Uruguayan U.N. soldiers deploy to an observation post near the village of Kibati some 12 kilometers north of Goma in eastern Congo, Wednesday, Oct. 29, 2008. The U.N. peacekeeping force in Congo is stretched to the limit with an upsurge in fighting in the volatile east and needs more troops quickly, the top U.N. envoy to Congo, Alan Doss said Tuesday.(AP Photo/Karel Prinsloo)



A U.N. peacekeeper from India stands guard upon the arrival of French Foreign Minister Bernard Kouchner at the IDP camp in Kibati, about 10 kilometers (6 miles) north of the provincial capital of Goma, on November 1, 2008. (WALTER ASTRADA/AFP/Getty Images)



A rain cloud opens up in the sky over a mountain volcano where Rwanda, DR Congo and Uganda share borders on October 21, 2008. Thousands of Congolese nationals have fled their homes deep inside Congolese territory into an area that straddles the north-east border of the Democratic Republic of Congo and the western part of Uganda in search for safety after rebel fighters from the National Congress for People's Defense (CNDP).

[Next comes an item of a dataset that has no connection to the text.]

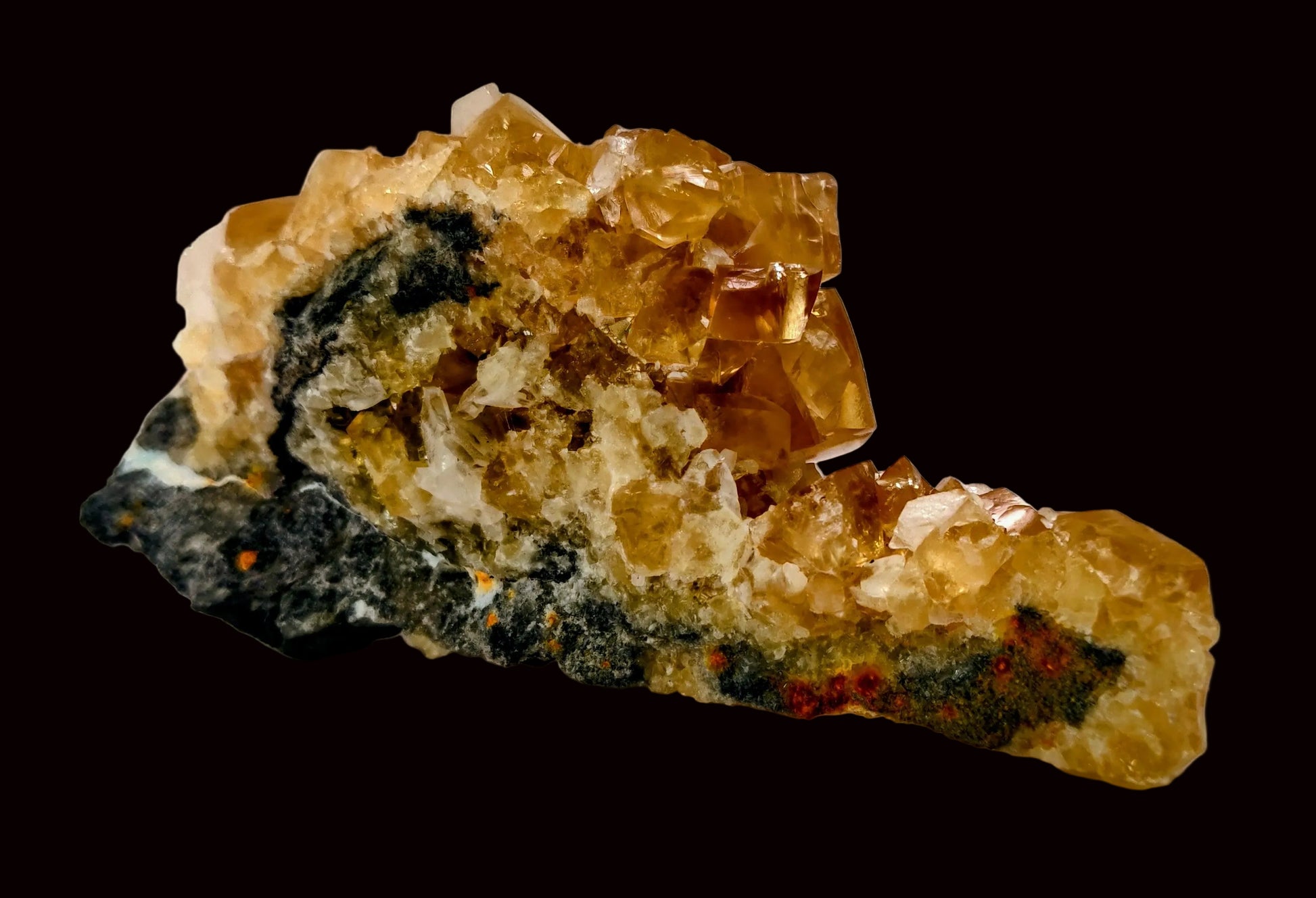 Mineral sample with yellow and black crystals on a white background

Renewed clashes in eastern DR Congo since August 28 have displaced more than 100,000 people. (ROBERTO SCHMIDT/AFP/Getty Images)



Internally Displaced People leave Kibati heading north from the city to their villages, Kibumba and Rugari, north of the provincial capital of Goma, Congo, on November 2, 2008. Several thousand people displaced in the fighting between rebels and government troops in eastern Democratic Republic of Congo began returning home Sunday as a ceasefire held, an AFP correspondent on the scene reported. (YASUYOSHI CHIBA/AFP/Getty Images)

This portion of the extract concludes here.